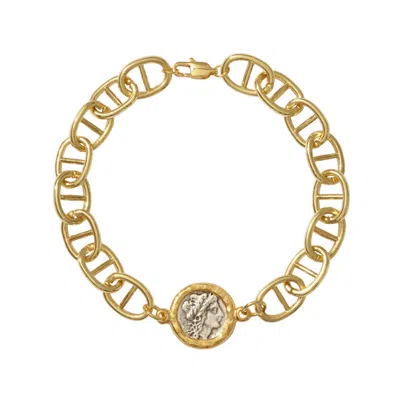 Alexie Of Athens Women's Gold Reversible Ancient Coin Anklet In Gold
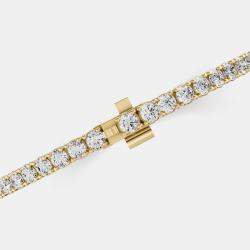 14K Yellow Gold Lab Grown Diamond Light Weight Bracelet 7 Inches (5 Ct)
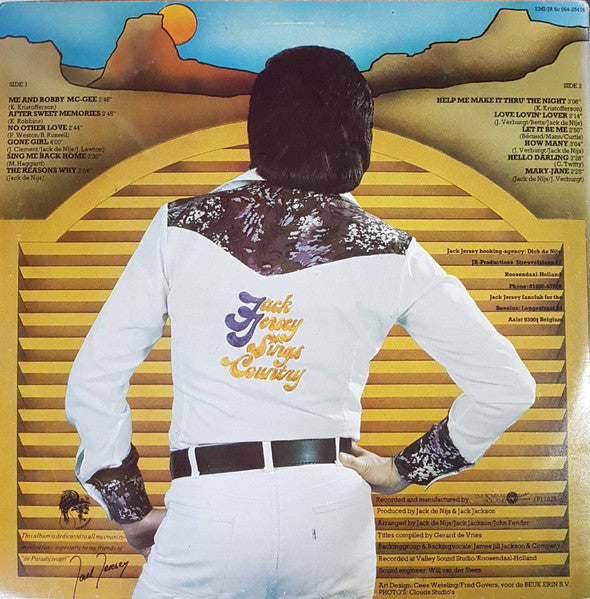 Jack Jersey - Jack Jersey Sings Country (LP) Vinyl LP Vinyl Very Good (VG) <br> Hoes Good Plus (G+)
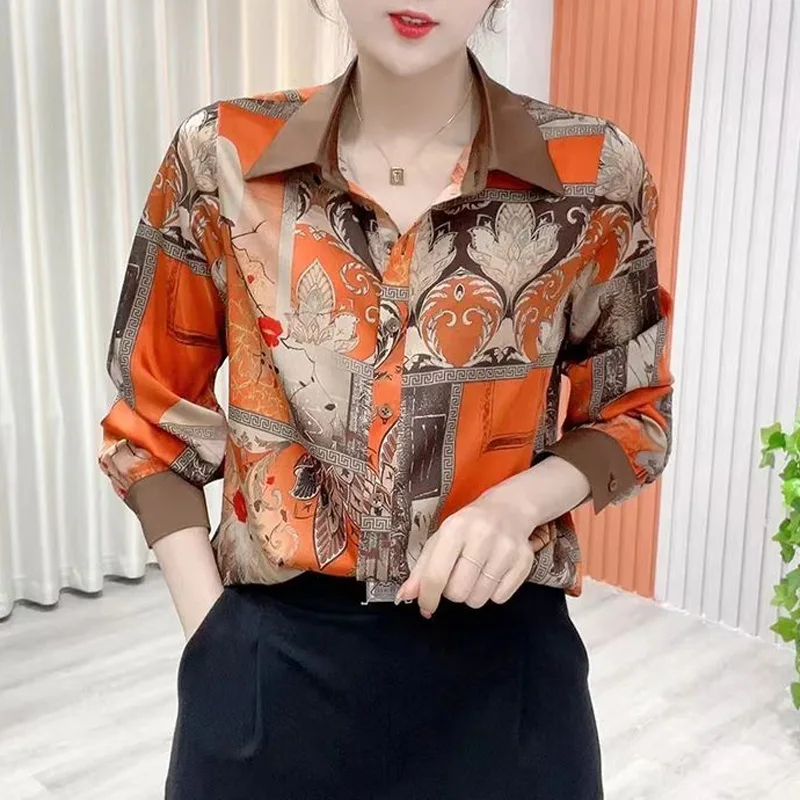 2023 New Spring and Autumn Fashion Trend Commuter Simple Printed Polo Collar Contrast Loose Relaxed Versatile Women\'s Shirt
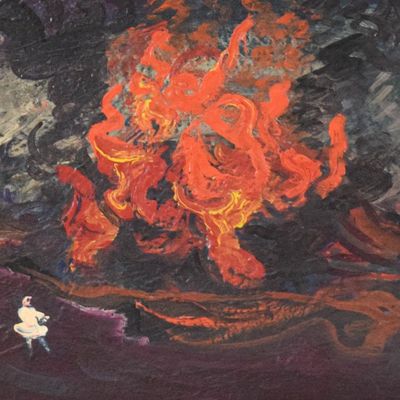 Sale Photo Thumbnail #40: Philip Stein Oil on Board Fire Scene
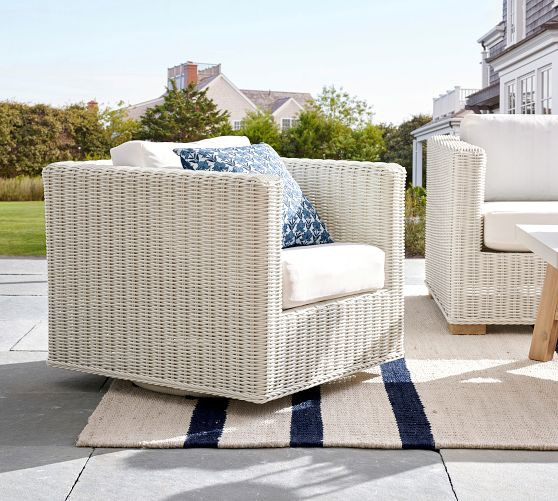 Huntington Wicker Square Arm Swivel Outdoor Lounge Chair | Pottery Barn (US)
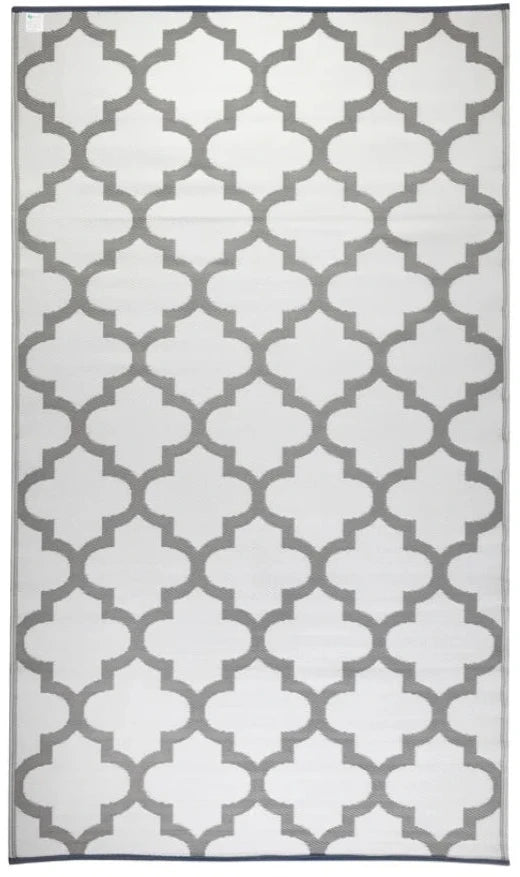 Eco Friendly Outdoor Rug - Tangier Grey And White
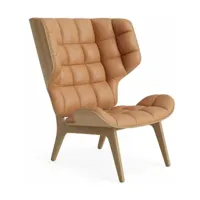 fauteuil en chêne naturel et rembourrage en cuir camel mammoth - norr11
++++++++
ACTIVITY
The records need to be restated word for word, minus any images.

EXPECTED OUTPUT
 Alexie Of Athens Women's Gold Reversible Ancient Coin Anklet In Gold
 14K Yellow Gold Lab Grown Diamond Light Weight Bracelet 7 Inches (5 Ct)
 Jack Jersey - Jack Jersey Sings Country (LP) Vinyl LP Vinyl Very Good (VG) <br> Hoes Good Plus (G+)
 2023 New Spring and Autumn Fashion Trend Commuter Simple Printed Polo Collar Contrast Loose Relaxed Versatile Women\'s Shirt
 Sale Photo Thumbnail #40: Philip Stein Oil on Board Fire Scene
 Huntington Wicker Square Arm Swivel Outdoor Lounge Chair | Pottery Barn (US)
 Eco Friendly Outdoor Rug - Tangier Grey And White
 fauteuil en chêne naturel et rembourrage en cuir camel mammoth - norr11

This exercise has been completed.